EXERCISE DESCRIPTION: Return the material below exactly, but only from the line with "Tide chart for" through the line with "Tree of knowledge system", and without its pictures.

SOURCE RECORDS:
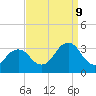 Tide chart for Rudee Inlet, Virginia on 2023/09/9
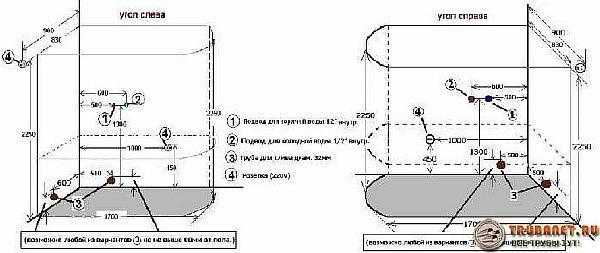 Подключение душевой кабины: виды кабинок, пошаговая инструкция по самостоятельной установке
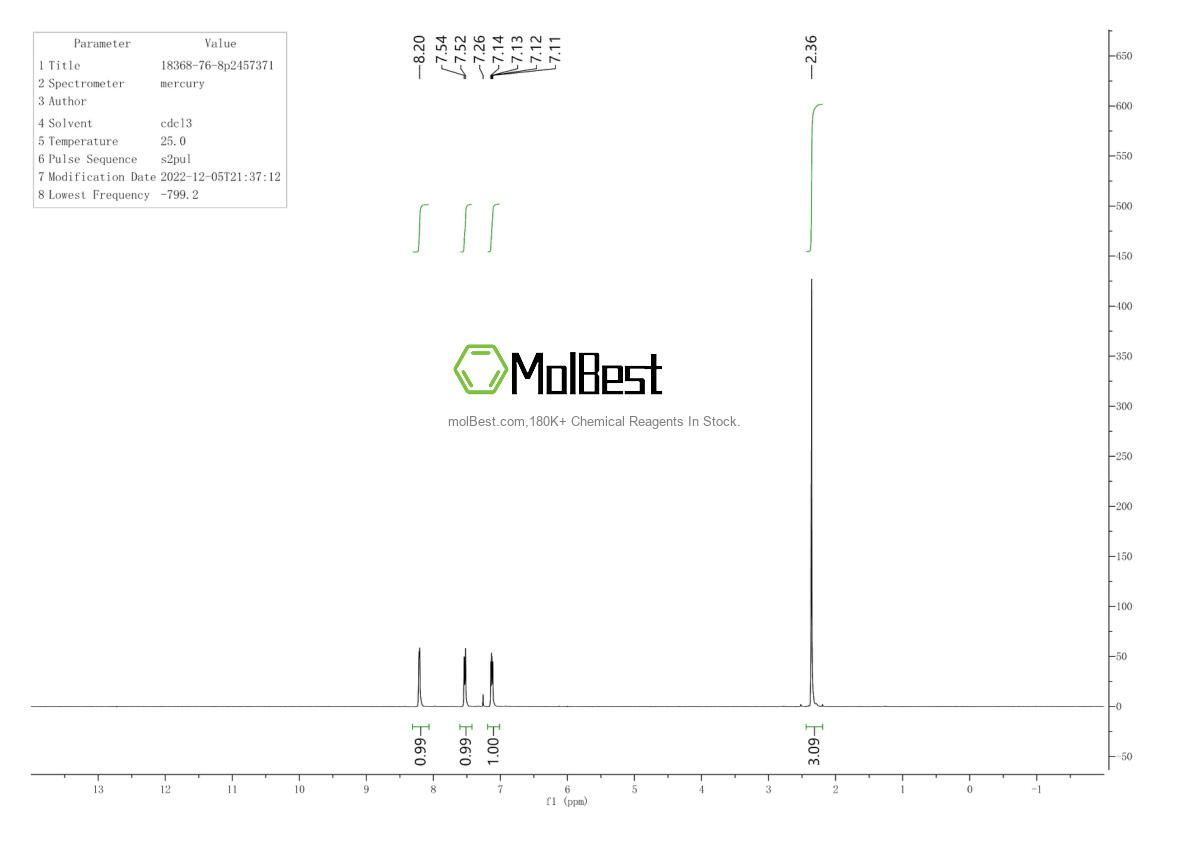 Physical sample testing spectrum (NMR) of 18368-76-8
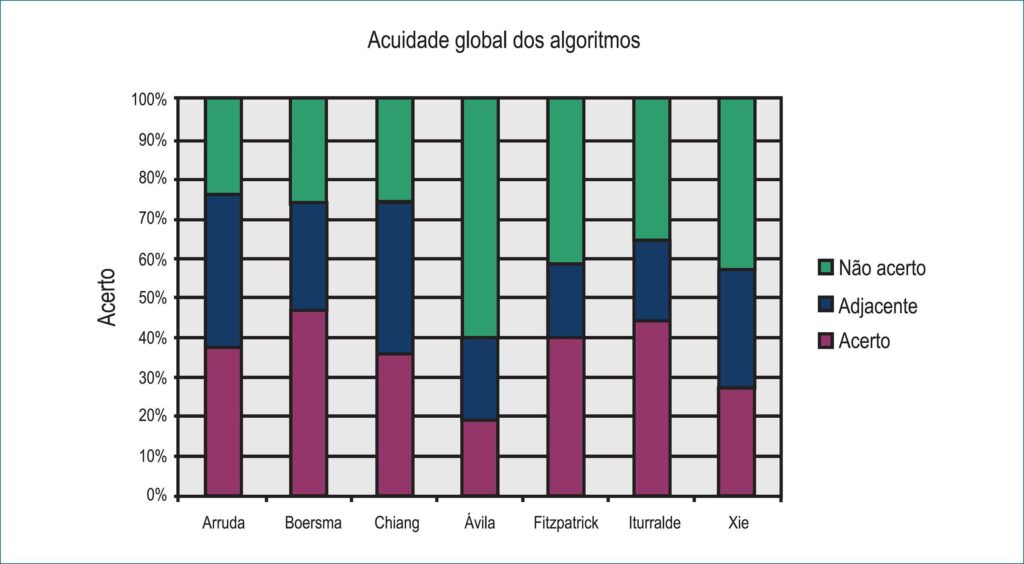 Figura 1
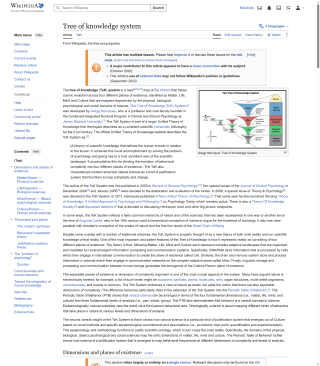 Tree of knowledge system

==

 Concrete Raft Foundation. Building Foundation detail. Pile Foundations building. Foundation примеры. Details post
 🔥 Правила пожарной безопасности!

THE ANSWER:
 Tide chart for Rudee Inlet, Virginia on 2023/09/9
 Подключение душевой кабины: виды кабинок, пошаговая инструкция по самостоятельной установке
 Physical sample testing spectrum (NMR) of 18368-76-8
 Figura 1
 Tree of knowledge system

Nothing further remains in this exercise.